Keputusan MUI Jawa Timur ini dipicu oleh adanya pro dan kontra di masyarakat yang berpotensi menimbulkan konflik horizontal. Bahkan, telah terbentuk gerakan penolakan yang berhasil mengumpulkan 828 tanda tangan dalam petisi penolakan sound horeg per tanggal 3 Juli 2025.
“Perbedaan pendapat di masyarakat berpotensi menjurus pada konflik horizontal yang sangat merugikan,” demikian pertimbangan MUI dalam fatwa yang ditandatangani Ketua Komisi Fatwa KH. Makruf Chozin.
Dalam fatwa tersebut, MUI mendefinisikan sound horeg sebagai sistem audio berpotensi volume tinggi yang biasanya fokus pada frekuensi rendah (bass). Istilah “horeg” berasal dari bahasa Jawa yang berarti “bergetar” atau “bergerak”.
MUI menetapkan beberapa ketentuan hukum yang tegas.

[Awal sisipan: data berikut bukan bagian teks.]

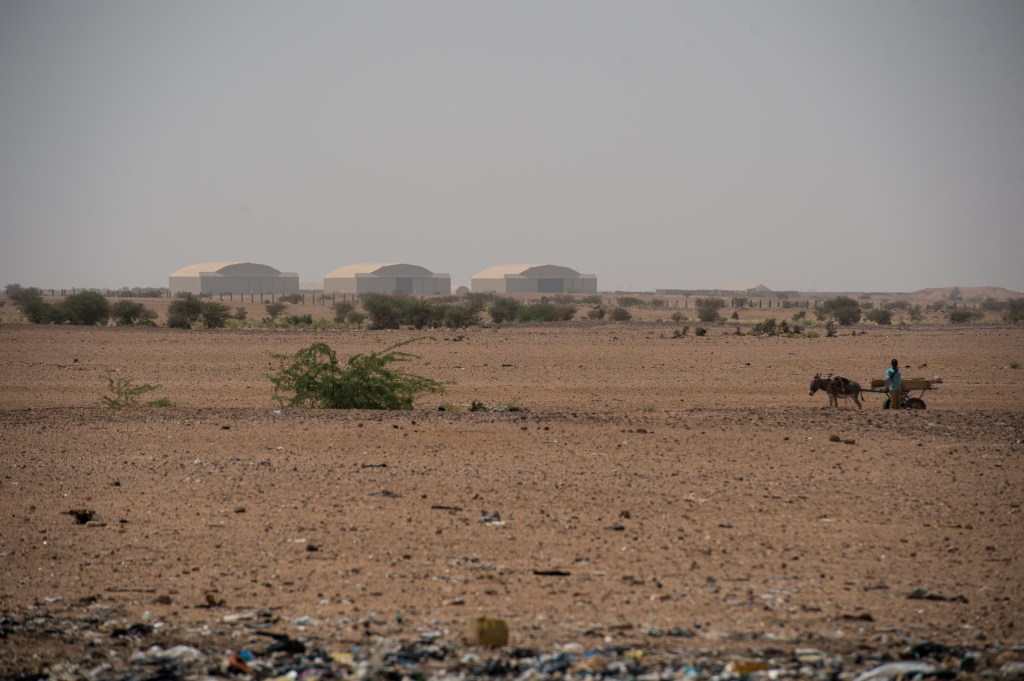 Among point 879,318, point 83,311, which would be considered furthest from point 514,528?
point 879,318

Pertama, diharamkan—jika sound horeg digunakan dengan intensitas suara melebihi batas wajar yang dapat mengganggu kesehatan, merusak fasilitas umum, atau disertai dengan musik diiringi joget pria wanita dengan membuka aurat dan kemunkaran lain.

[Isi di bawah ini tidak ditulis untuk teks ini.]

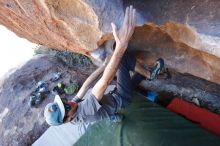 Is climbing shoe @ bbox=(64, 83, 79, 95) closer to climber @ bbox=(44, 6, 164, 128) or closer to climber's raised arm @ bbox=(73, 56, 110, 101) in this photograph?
climber @ bbox=(44, 6, 164, 128)

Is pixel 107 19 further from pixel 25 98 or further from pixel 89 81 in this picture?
pixel 25 98

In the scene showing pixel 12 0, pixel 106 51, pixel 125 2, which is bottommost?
pixel 106 51

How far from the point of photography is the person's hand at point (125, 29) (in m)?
2.13

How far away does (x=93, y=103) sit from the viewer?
98.8 inches

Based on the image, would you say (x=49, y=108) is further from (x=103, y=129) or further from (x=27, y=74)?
(x=27, y=74)

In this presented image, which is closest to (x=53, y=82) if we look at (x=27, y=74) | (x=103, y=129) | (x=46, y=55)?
(x=27, y=74)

Kedua, dibolehkan—jika digunakan dengan intensitas wajar untuk kegiatan positif seperti resepsi pernikahan, pengajian, dan shalawatan, serta steril dari hal-hal yang diharamkan.
Ketiga, haram mutlak, untuk battle sound atau adu sound yang dipastikan menimbulkan mudarat berupa kebisingan melebihi ambang batas dan berpotensi tabdzir (menyia-nyiakan harta).

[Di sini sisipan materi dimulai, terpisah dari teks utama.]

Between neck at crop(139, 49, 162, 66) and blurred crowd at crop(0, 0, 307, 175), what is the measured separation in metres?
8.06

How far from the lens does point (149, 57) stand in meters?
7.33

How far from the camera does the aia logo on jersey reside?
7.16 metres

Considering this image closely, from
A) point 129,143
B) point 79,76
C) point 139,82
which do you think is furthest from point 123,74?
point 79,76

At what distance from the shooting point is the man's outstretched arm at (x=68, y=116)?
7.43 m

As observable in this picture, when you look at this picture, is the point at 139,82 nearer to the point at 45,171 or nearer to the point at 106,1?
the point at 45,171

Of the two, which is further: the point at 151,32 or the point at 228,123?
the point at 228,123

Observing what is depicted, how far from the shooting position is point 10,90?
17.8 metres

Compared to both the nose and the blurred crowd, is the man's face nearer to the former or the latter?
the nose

Fatwa ini juga menetapkan kewajiban ganti rugi bagi pengguna sound horeg yang intensitas suaranya melebihi batas wajar dan mengakibatkan kerugian terhadap pihak lain.
MUI memberikan sejumlah rekomendasi strategis, antara lain meminta Pemerintah Provinsi Jawa Timur menginstruksikan pemerintah kabupaten/kota untuk segera membuat aturan tentang penggunaan alat pengeras suara, mulai dari perizinan, standar penggunaan, hingga sanksi.
Menarik, MUI juga meminta Kementerian Hukum dan HAM RI untuk tidak mengeluarkan legalitas berkaitan dengan sound horeg, termasuk Hak Kekayaan Intelektual (HKI) sebelum ada komitmen perbaikan dan penyesuaian sesuai aturan yang berlaku.
Kepada masyarakat, MUI mengimbau untuk memilah dan memilih hiburan yang positif, tidak membahayakan diri sendiri, serta saling memahami dan menghormati hak asasi orang lain tanpa melanggar norma agama maupun aturan negara.
Fatwa ini mulai berlaku sejak tanggal ditetapkan dengan ketentuan dapat diperbaiki dan disempurnakan jika diperlukan di kemudian hari. MUI juga menghimbau semua pihak untuk menyebarluaskan fatwa ini agar dapat diketahui oleh setiap muslim dan pihak-pihak yang memerlukan.
Fatwa ini ditandatangani oleh Ketua Komisi Fatwa KH. Makruf Chozin, Sekretaris KH. Sholihin Hasan, M.H.I, serta diketahui oleh Ketua Umum Dewan Pimpinan MUI Jawa Timur KH. Moh. Hasan Mutawakkil Alallah, S.H., M.M dan Sekretaris Umum Prof. Akh. Muzakki, M.Ag., Grad.Dip.SEA., M.Phil., Ph.D. dilansir dari situs resmi jakartasatu co.id.